Facebook less stressful without the numbers
You would think that the little red box telling you how many new likes your Facebook post has would give you a sense of pride, but it turns out the number might be stressing you out.
Artist and composer Benjamin Grosser found himself using the numbers on Facebook as a personal metric for how well he was doing. Grosser said:
I focus on these quantifications, watching for the counts of responses rather than the responses themselves, or waiting for numbers of friend requests to appear rather than looking for meaningful connections.
To counteract this, Grosser created a browser extension called Facebook Demetricator, which hides all numbers on Facebook such as the length of your friends list and the number of comments and likes a post receives.
Some people embraced Grosser’s extension, saying that it lead to a stress-free Facebook, but others found the lack of numbers paralyzing—they didn’t know what to post or what to like. Grosser said “People realized when the numbers were gone, they had been using them to decide whether to like something.”

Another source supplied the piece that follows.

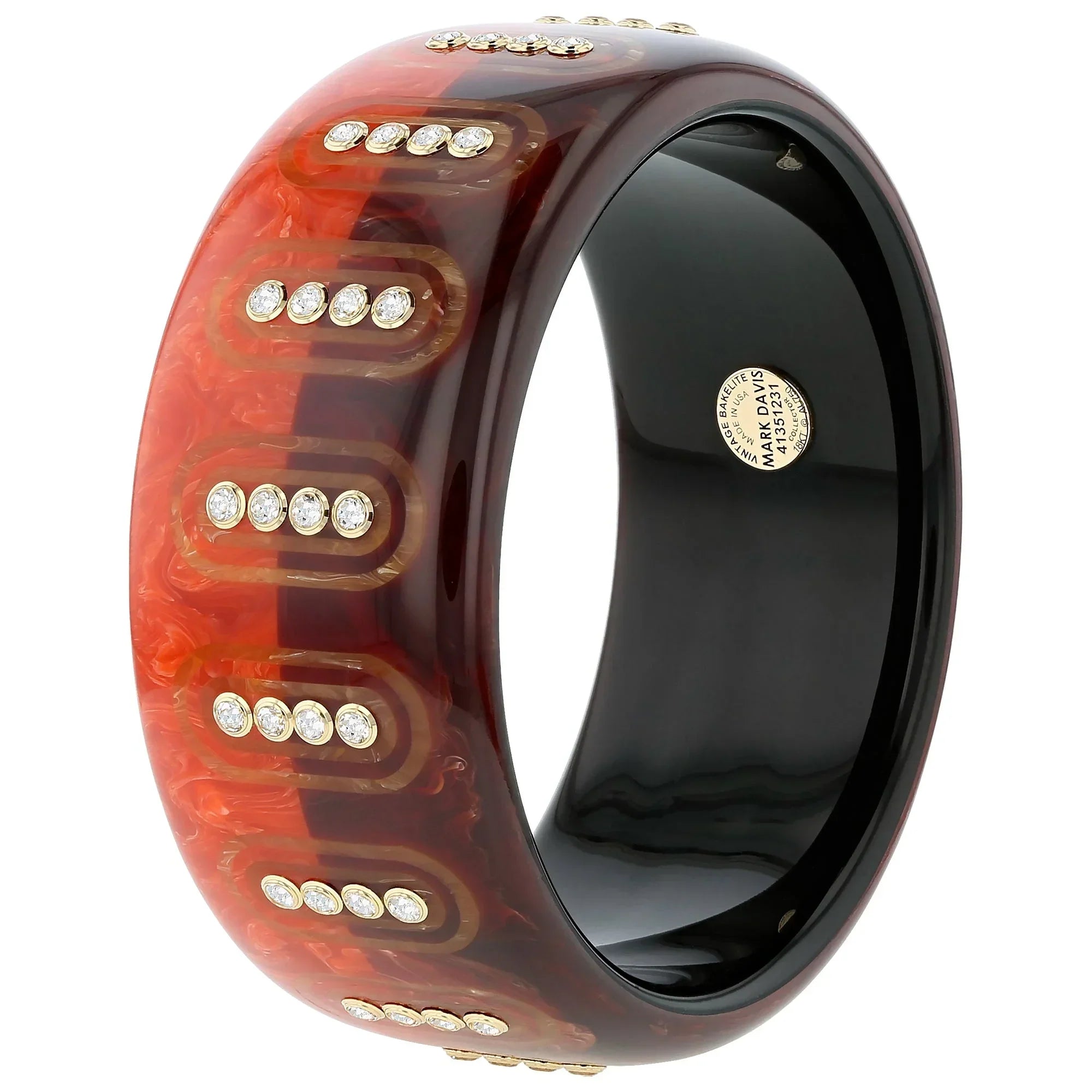 Karissa Bangle | Dual tone burgundy bakelite with inlay and stones.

In the two years since the extension has been available, Grosser has received feedback from over 5,000 users about how Demetricator changed their habits and perceptions on Facebook. He used this data to pen a research paper on the effects of Facebook metrics for the journal Computational Culture. In his paper, Grosser argues that Facebook Demetricator “reveals and eases these patterns of prescribed sociality.”

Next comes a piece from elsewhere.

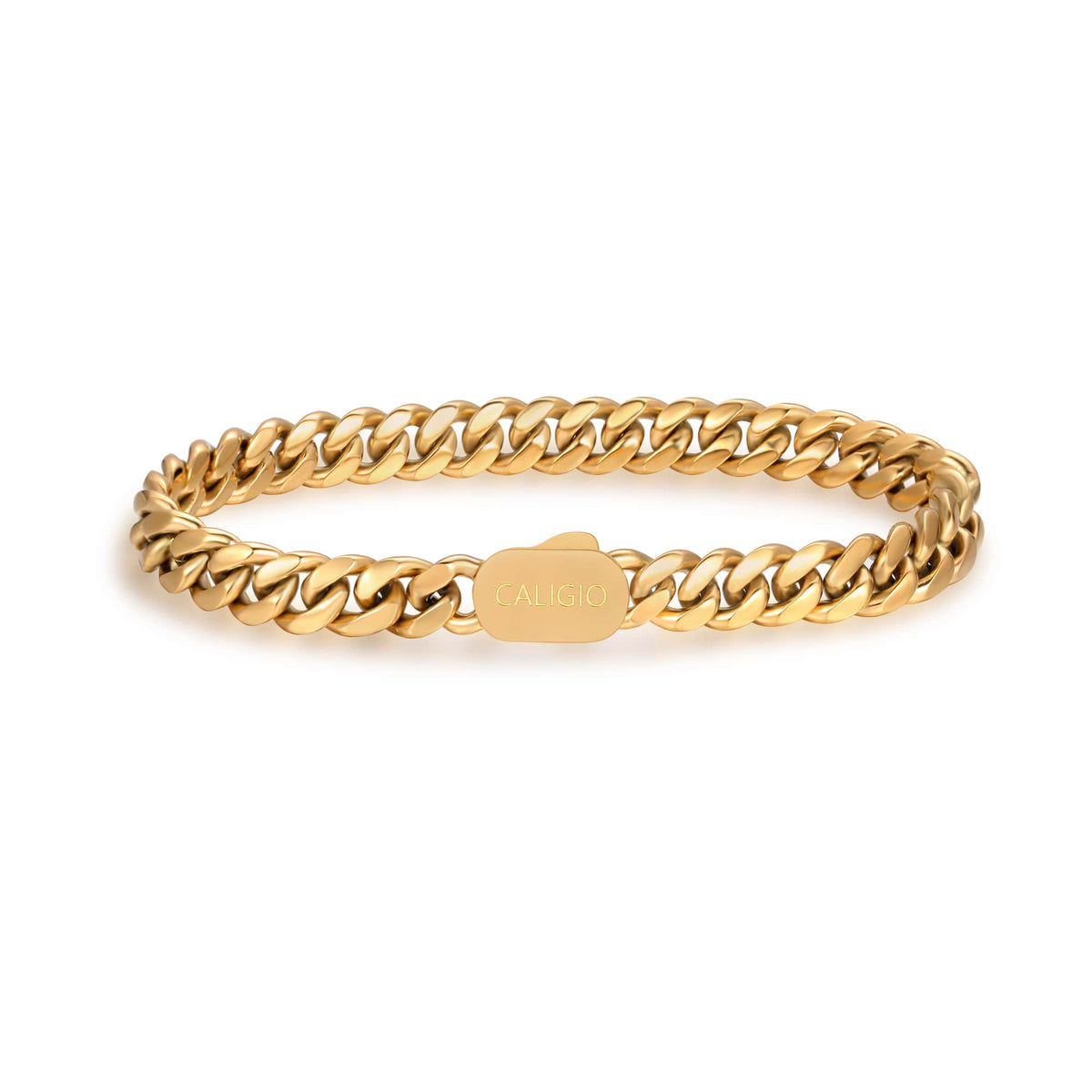 LA Cuban Bracelet Gold mens 316L stainless steel 8mm West Coast California Caligio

Facebook isn’t the only social network to use numbers as an indication of a post’s success. For example, Reddit uses “karma” for both comments and submissions, allowing users to upvote or downvote a submission or comment. The post’s karma is the net result of these votes.
This has led many users to complain about the same cultural tendency Grosser described, where more attention is given to posts that are already successful. It has even led to some people reposting old content that already did well in the hope that people will still upvote it. The subreddit TheoryofReddit is dedicated to discussing how Reddit’s voting system and culture affects its content.